Der Bund unterzeichnete Verträge mit vier Schweizer Biopharmaunternehmen im Gesamtwert von 25,9 Millionen Euro zur Entwicklung neuer Medikamente gegen Covid-19.
Die Schweiz startet ein Projekt, um die Entwicklung von vier Covid-Medikamenten mit Schweizer Biopharmaunternehmen zu unterstützen, wie das Schweizer Gesundheitsministerium am Montag bekannt gab.

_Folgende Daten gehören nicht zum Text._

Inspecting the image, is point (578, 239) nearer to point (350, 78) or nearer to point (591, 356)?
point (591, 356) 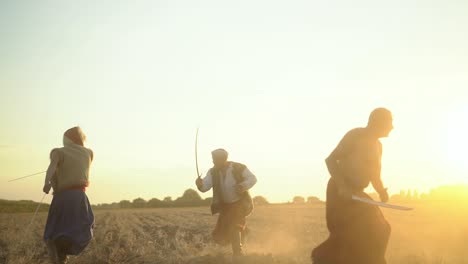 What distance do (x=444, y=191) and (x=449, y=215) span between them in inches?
780

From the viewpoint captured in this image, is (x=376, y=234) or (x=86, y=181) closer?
(x=376, y=234)

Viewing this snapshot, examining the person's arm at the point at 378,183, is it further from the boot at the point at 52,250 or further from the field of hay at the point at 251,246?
the boot at the point at 52,250

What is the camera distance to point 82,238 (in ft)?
26.7

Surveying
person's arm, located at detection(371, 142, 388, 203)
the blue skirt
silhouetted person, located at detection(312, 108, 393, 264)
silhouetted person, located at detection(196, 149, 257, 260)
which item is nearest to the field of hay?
silhouetted person, located at detection(196, 149, 257, 260)

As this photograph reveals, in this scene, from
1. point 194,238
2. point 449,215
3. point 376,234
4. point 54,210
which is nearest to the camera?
point 376,234

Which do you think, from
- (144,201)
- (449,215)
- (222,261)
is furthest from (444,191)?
(222,261)

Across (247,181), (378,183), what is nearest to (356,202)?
(378,183)

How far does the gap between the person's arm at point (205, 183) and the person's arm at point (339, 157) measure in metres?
3.89

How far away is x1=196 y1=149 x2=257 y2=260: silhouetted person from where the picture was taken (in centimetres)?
1003

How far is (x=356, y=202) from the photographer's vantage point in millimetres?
6609

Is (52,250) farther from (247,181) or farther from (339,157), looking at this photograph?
(339,157)

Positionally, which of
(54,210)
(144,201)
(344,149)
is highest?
(344,149)

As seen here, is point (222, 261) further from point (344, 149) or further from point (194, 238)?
point (194, 238)

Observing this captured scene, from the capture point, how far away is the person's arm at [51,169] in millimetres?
7867
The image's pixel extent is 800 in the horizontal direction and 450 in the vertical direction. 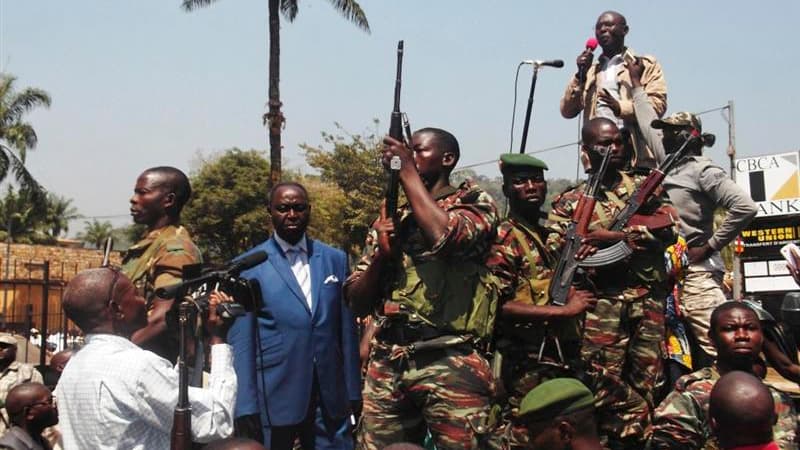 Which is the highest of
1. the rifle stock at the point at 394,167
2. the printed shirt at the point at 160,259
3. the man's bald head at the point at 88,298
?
the rifle stock at the point at 394,167

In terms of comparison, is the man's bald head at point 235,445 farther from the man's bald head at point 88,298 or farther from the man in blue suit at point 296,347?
the man in blue suit at point 296,347

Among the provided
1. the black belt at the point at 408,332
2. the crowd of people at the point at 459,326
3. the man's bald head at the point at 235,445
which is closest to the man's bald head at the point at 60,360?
the crowd of people at the point at 459,326

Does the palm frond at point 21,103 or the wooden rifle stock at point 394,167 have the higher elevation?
the palm frond at point 21,103

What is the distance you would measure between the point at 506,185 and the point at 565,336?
96cm

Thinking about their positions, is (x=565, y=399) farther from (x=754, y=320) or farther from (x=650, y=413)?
(x=650, y=413)

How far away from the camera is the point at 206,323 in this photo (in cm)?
368

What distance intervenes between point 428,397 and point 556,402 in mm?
1192

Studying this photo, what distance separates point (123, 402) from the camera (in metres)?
3.38

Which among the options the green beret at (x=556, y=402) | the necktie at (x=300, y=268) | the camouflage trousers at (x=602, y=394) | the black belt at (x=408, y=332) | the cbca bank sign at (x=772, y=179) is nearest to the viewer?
the green beret at (x=556, y=402)

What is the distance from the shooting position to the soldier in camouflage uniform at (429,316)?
4.18 metres

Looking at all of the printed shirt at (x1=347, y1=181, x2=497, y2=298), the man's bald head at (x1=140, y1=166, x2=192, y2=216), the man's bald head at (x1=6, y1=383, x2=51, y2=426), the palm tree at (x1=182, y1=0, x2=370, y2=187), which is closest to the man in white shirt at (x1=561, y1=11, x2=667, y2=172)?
the printed shirt at (x1=347, y1=181, x2=497, y2=298)

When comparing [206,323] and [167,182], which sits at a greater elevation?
[167,182]

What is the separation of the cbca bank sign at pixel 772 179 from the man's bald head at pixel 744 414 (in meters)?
17.6

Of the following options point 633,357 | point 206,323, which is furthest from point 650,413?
point 206,323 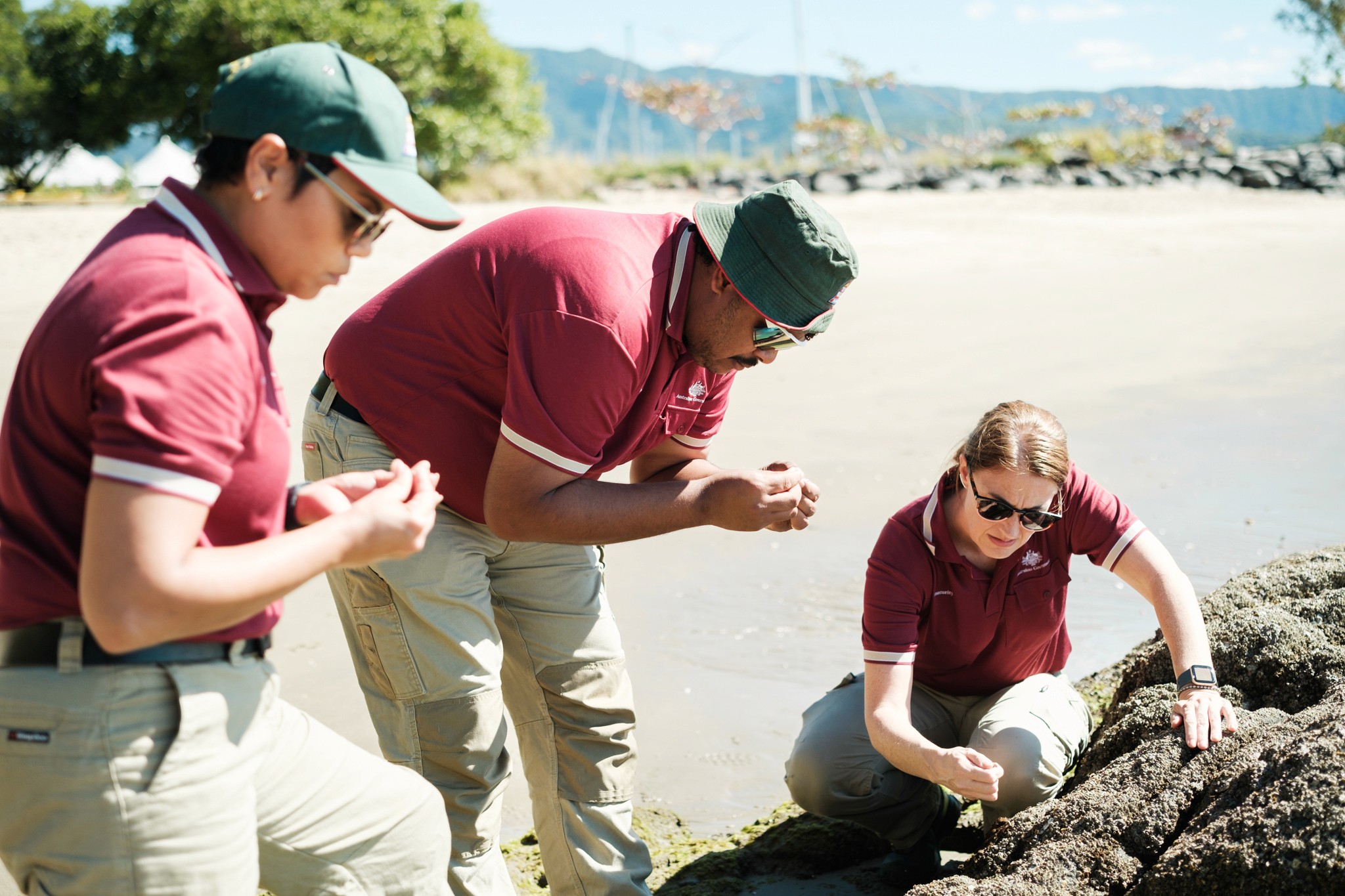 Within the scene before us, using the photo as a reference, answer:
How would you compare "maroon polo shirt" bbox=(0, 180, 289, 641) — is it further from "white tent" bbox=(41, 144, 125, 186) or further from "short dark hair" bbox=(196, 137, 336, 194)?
"white tent" bbox=(41, 144, 125, 186)

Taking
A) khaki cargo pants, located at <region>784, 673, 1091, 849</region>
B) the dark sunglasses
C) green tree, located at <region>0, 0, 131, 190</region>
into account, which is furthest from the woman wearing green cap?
green tree, located at <region>0, 0, 131, 190</region>

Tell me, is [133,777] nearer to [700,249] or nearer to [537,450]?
[537,450]

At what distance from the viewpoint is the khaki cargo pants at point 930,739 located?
320 centimetres

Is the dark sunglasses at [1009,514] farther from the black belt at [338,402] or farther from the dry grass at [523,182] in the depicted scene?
the dry grass at [523,182]

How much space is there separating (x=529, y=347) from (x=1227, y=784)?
1796mm

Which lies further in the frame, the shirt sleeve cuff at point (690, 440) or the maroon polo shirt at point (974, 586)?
the shirt sleeve cuff at point (690, 440)

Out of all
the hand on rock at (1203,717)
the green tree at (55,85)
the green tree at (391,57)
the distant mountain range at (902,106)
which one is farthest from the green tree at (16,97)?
the hand on rock at (1203,717)

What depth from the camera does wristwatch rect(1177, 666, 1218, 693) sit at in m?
3.01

Der Bund hat im Rahmen eines Programms zur Förderung der Arbeit an Medikamenten gegen Covid-19 Verträge mit vier biopharmazeutischen Unternehmen im Gesamtwert von 27 Millionen Schweizer Franken (25,9 Millionen Euro) unterzeichnet, so das Bundesamt für Gesundheit in einer Pressemitteilung.

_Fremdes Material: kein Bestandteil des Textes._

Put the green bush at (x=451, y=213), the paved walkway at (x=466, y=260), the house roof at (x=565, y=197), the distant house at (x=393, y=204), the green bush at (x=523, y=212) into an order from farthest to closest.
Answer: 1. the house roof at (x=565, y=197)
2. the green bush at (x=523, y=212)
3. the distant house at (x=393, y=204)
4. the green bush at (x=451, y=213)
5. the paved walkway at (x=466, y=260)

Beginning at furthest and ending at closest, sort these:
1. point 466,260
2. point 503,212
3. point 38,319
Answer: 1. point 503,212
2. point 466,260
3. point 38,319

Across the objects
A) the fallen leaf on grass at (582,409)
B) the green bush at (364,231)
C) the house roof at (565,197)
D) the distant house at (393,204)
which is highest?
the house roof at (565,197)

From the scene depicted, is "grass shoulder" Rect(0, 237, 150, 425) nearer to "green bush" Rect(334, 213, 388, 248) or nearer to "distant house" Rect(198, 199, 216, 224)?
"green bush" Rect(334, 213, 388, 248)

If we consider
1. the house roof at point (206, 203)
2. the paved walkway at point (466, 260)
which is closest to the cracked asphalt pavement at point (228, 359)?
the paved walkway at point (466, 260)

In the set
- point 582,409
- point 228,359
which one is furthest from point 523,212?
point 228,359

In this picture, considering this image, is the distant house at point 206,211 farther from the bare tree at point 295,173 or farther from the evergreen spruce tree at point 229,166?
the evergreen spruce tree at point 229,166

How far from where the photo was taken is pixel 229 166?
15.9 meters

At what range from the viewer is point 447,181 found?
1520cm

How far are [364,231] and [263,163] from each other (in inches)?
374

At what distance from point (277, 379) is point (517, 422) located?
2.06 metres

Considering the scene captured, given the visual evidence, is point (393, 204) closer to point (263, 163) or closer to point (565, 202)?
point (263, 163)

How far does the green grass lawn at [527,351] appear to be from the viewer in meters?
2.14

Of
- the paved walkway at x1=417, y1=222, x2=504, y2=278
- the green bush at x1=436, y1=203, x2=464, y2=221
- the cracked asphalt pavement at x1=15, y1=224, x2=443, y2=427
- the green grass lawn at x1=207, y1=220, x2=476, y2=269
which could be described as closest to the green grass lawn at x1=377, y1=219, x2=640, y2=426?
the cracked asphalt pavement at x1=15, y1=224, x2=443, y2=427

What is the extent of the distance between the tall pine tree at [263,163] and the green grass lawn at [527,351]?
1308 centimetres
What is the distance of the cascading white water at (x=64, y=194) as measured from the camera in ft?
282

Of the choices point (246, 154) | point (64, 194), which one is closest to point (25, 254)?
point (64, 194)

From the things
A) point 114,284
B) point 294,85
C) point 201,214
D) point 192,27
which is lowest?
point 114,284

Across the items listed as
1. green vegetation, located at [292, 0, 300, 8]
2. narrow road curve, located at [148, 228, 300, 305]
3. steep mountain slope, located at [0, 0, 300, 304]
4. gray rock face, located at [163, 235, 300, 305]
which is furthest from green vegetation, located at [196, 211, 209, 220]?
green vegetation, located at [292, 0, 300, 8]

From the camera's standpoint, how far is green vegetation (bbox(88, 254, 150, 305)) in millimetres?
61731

Medikamente, die bis Ende 2022 verfügbar sein könnten
Die Projekte betreffen die Entwicklung monoklonaler Antikörper zur Behandlung von Long Covid mit dem Genfer Unternehmen GeNeuro, eine orale Arzneimittelkombination mit antiviraler und entzündungshemmender Wirkung für schwere Aspekte der Infektion mit dem Basler Unternehmen Kinarus und einen monoklonalen Antikörper, der durch Inhalation oder intravenös verabreicht werden kann, für Patienten, die eine schwere Form der Infektion entwickeln können, mit dem Zürcher Unternehmen Memo Therapeutics AG.
Das vierte Projekt betrifft einen oralen Lungenvasodilatator zur Verhinderung von Atemnot und zur Verringerung der Notwendigkeit einer mechanischen Beatmung bei Krankenhausaufenthalten und wird mit dem biopharmazeutischen Unternehmen Noorik Biopharmaceuticals aus Basel entwickelt, erläutert das Gesundheitsministerium in der Pressemitteilung. Die Medikamente sollen bis Ende 2022 verfügbar sein, heißt es in der Pressemitteilung weiter.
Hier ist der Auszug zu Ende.